> EXERCISE AIM
Look below for the line with "wooden venetian blinds Birmingham"; begin the copy there and stop after the line with "新築一戸建ての新着物件を5件掲載しました! ☆週末案内希望の方は事前に空き状況のご確認をお願いいたします<(_ _)>☆", keeping the text exact and the pictures out.

═══ TASK DATA ═══

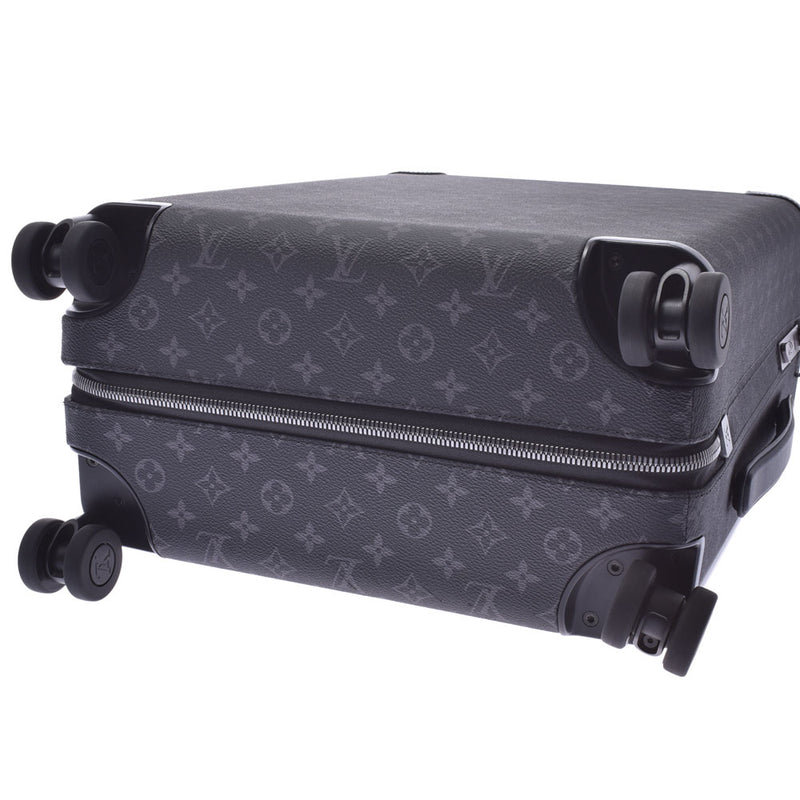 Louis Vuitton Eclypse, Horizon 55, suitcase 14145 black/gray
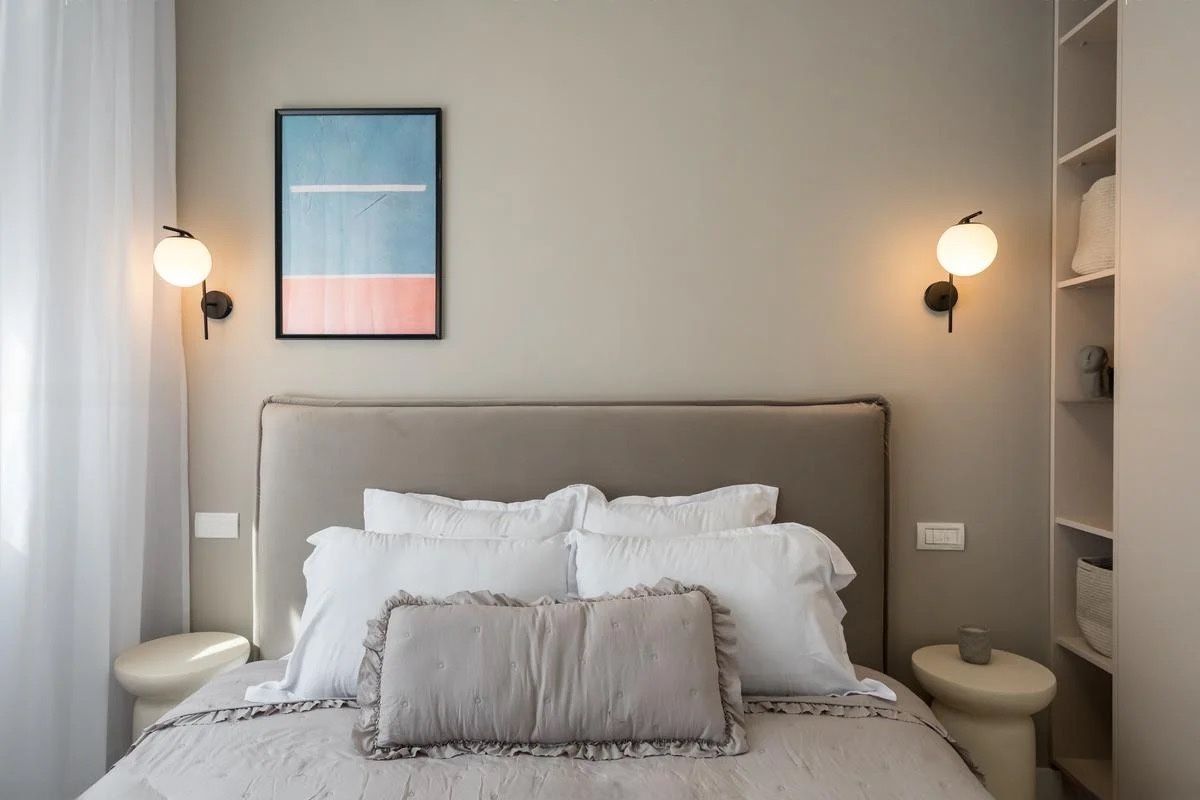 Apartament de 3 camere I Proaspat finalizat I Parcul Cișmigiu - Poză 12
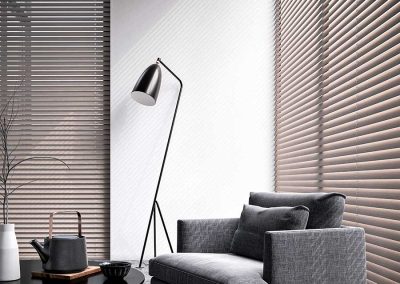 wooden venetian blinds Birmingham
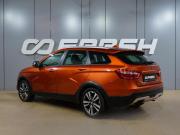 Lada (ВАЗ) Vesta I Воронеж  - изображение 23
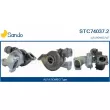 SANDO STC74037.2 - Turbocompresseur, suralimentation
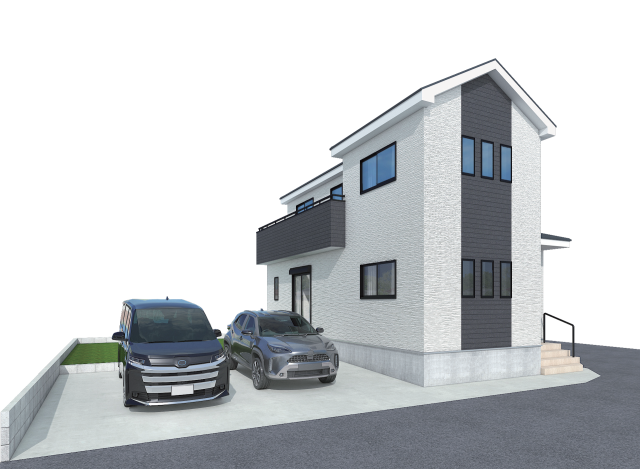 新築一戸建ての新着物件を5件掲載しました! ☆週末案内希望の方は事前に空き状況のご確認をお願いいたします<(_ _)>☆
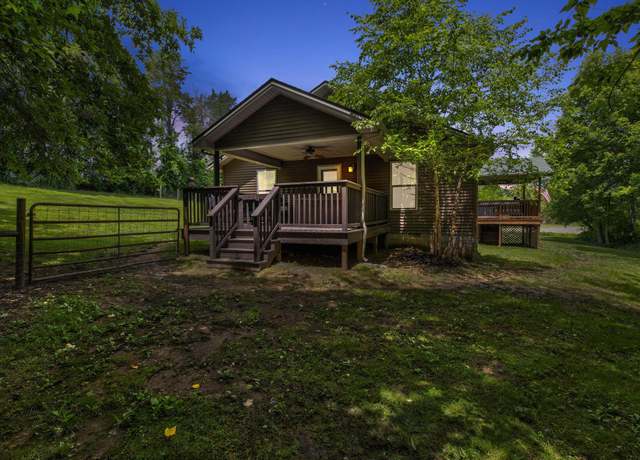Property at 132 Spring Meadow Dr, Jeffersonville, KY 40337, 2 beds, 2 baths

═══
═══ TASK DATA ═══

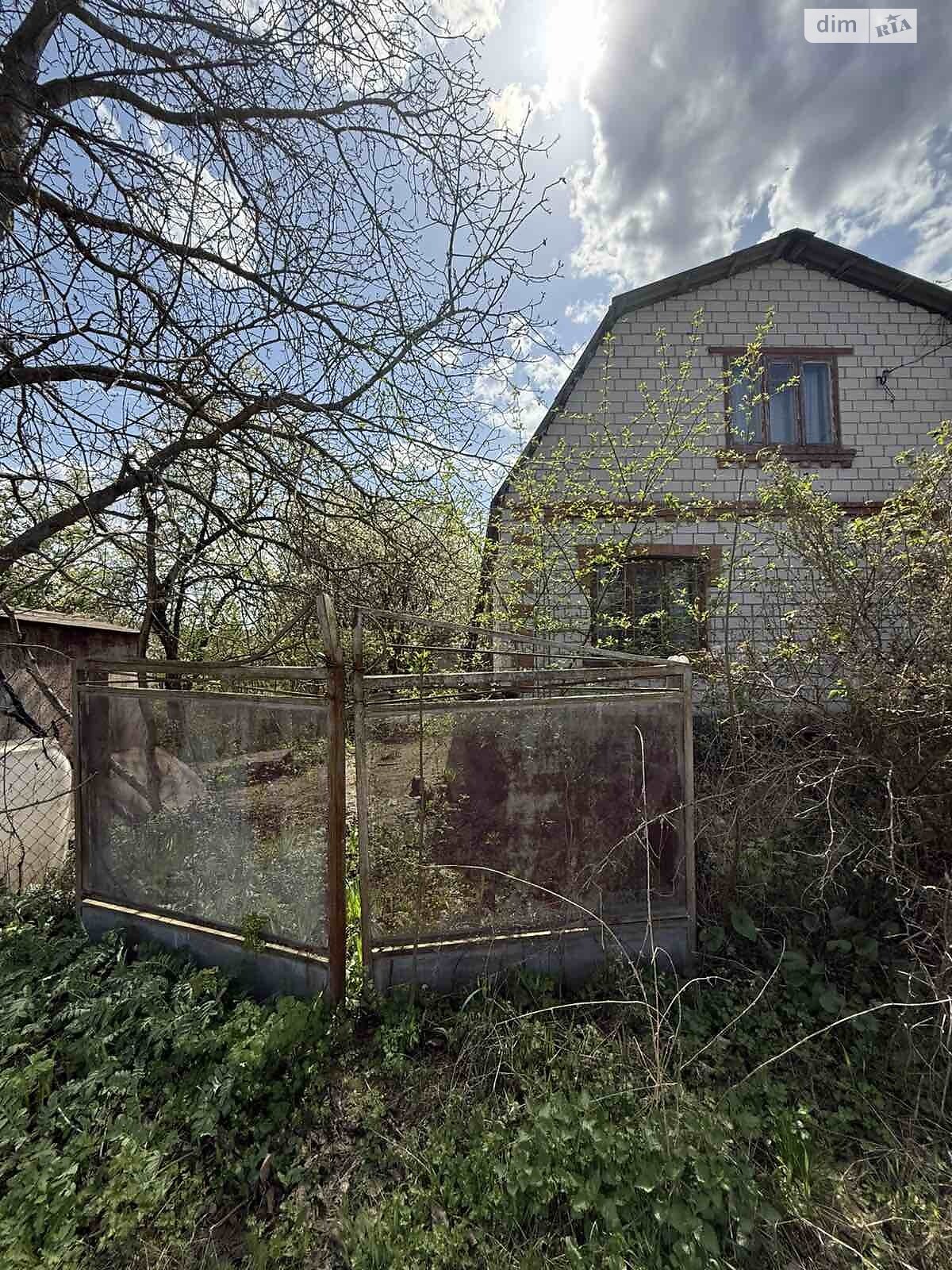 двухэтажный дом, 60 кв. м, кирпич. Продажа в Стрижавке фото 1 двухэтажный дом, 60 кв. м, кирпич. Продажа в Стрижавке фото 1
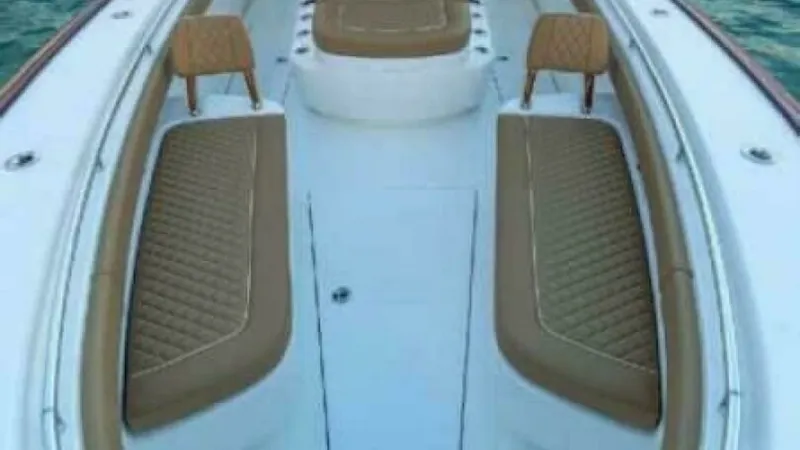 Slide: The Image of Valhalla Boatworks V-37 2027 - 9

═══
═══ TASK DATA ═══

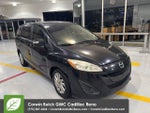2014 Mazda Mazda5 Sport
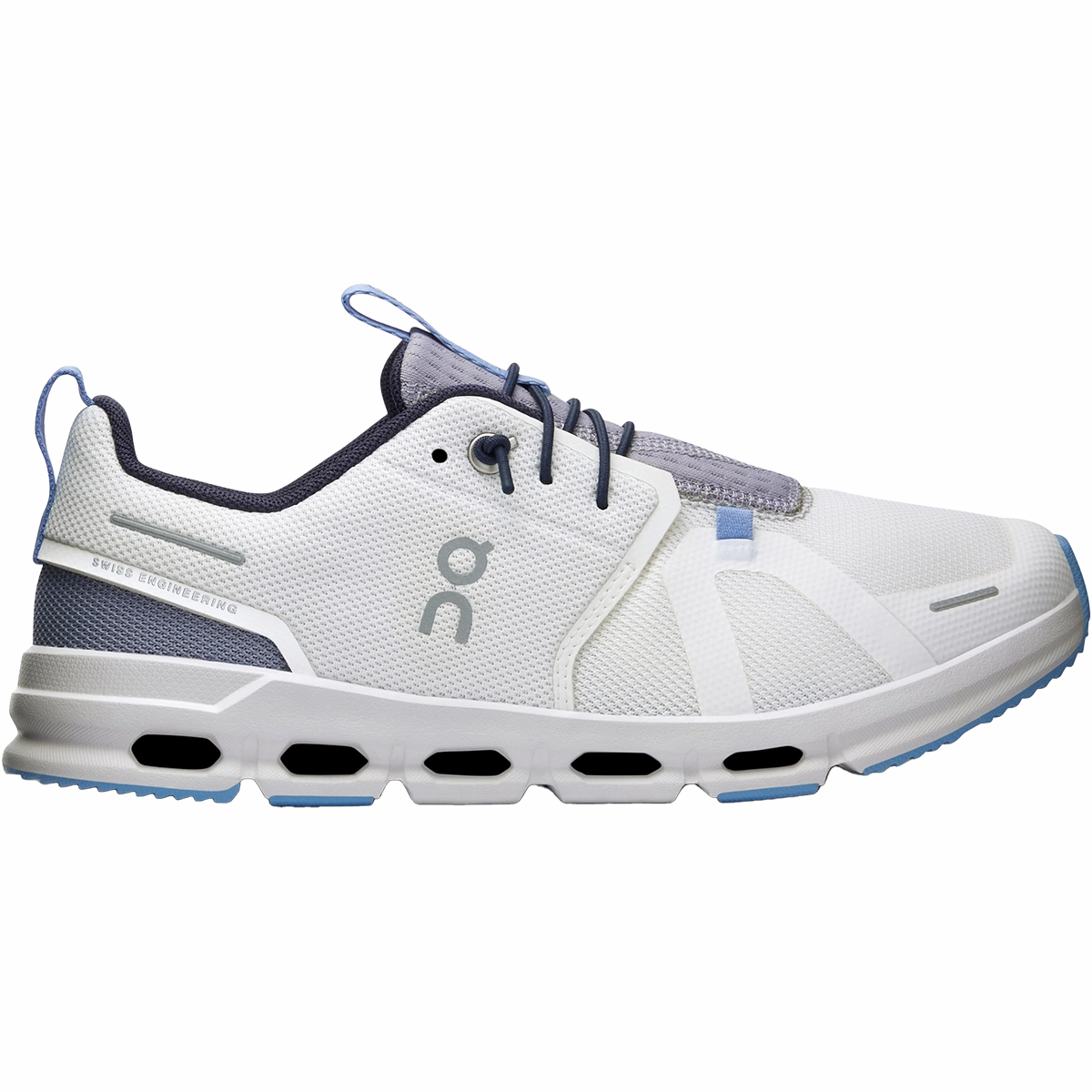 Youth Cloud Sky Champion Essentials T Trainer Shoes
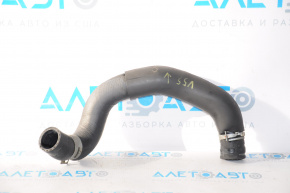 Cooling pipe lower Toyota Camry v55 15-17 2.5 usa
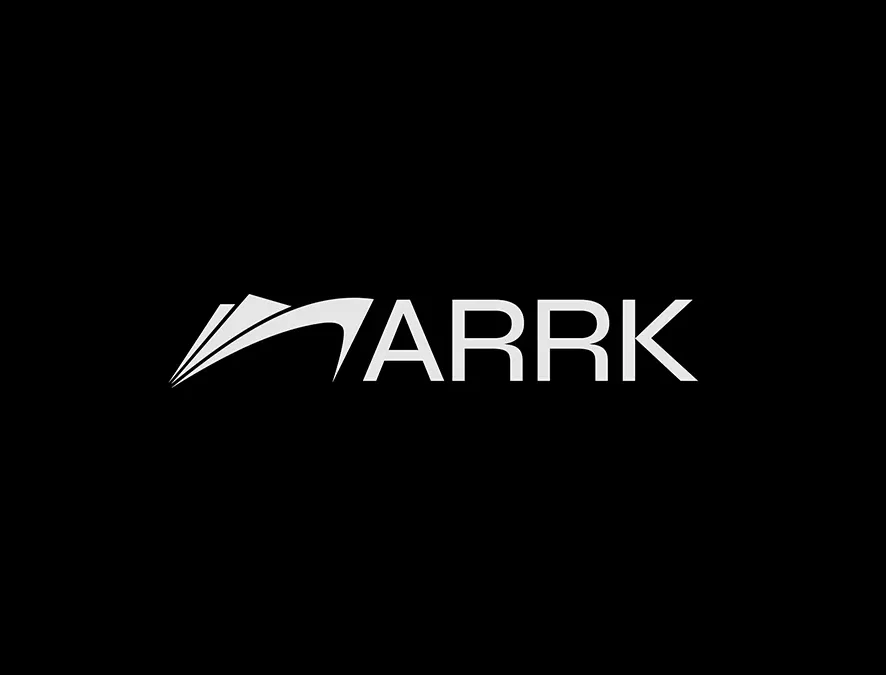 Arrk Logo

═══

> SOLUTION TO THIS EXERCISE
 wooden venetian blinds Birmingham
 Lada (ВАЗ) Vesta I Воронеж  - изображение 23
 SANDO STC74037.2 - Turbocompresseur, suralimentation
 新築一戸建ての新着物件を5件掲載しました! ☆週末案内希望の方は事前に空き状況のご確認をお願いいたします<(_ _)>☆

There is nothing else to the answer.